Temos aproximadamente 100 mil servidores que já reúnem condições para se aposentar. São cem mil de 620 mil ativos e 650 mil inativos. Isso só do executivo civil, não inclui estatais dependentes, que têm mais 77 mil, nem militares. Dos 100 mil, dois terços são cargos com exigência de Ensino Fundamental ou Médio, são cargos de auxiliares, os mais impactados pela terceirização que ganhou força no governo federal nos últimos anos. É tendência para cargos de apoio. Desse total, um bom contingente não vai precisar ser reposto, outros sim. Você acaba diminuindo a necessidade desse tipo de mão de obra.
Qual a avaliação sobre a resistência dos servidores às mudanças?
Faz parte. Toda mudança gera desconforto, desconfiança. Vamos ser transparentes e mostrar os motivos.

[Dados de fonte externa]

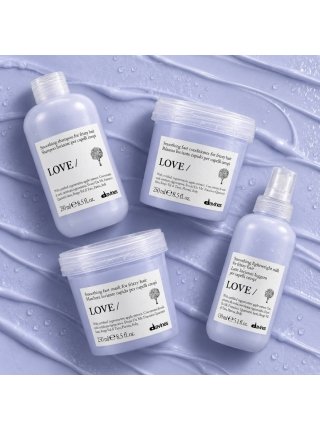 Набор Davines Love Lovely Smoothing: шампунь, кондиционер, маска и сыворотка для разглаживания волос, 3×250+150 мл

Uma preocupação é ter cada ponto embasado em estudos, referências, evidências, em práticas internacionais ou de mercado, para quando fizer conversas com sindicatos, sociedade civil e Congresso, estejamos seguros. Tudo será fruto de reflexão e não de opinião pessoal. Queremos fazer uma mudança estrutural que prepare o país para os próximos anos e seja uma mudança positiva, primeiro, para a população. Temos insistido que o governo federal só existe para servir a população. Então, esse foco central é no que a população mais precisa e onde mais precisa: educação, saúde e segurança. Também queremos criar ambiente de trabalho mais desafiador para o próprio servidor, que se sinta realizado que entenda a importância de seu serviço na ponta. Queremos transformar a visão de como a população enxerga o serviço público e até com o próprio serviço público se enxerga.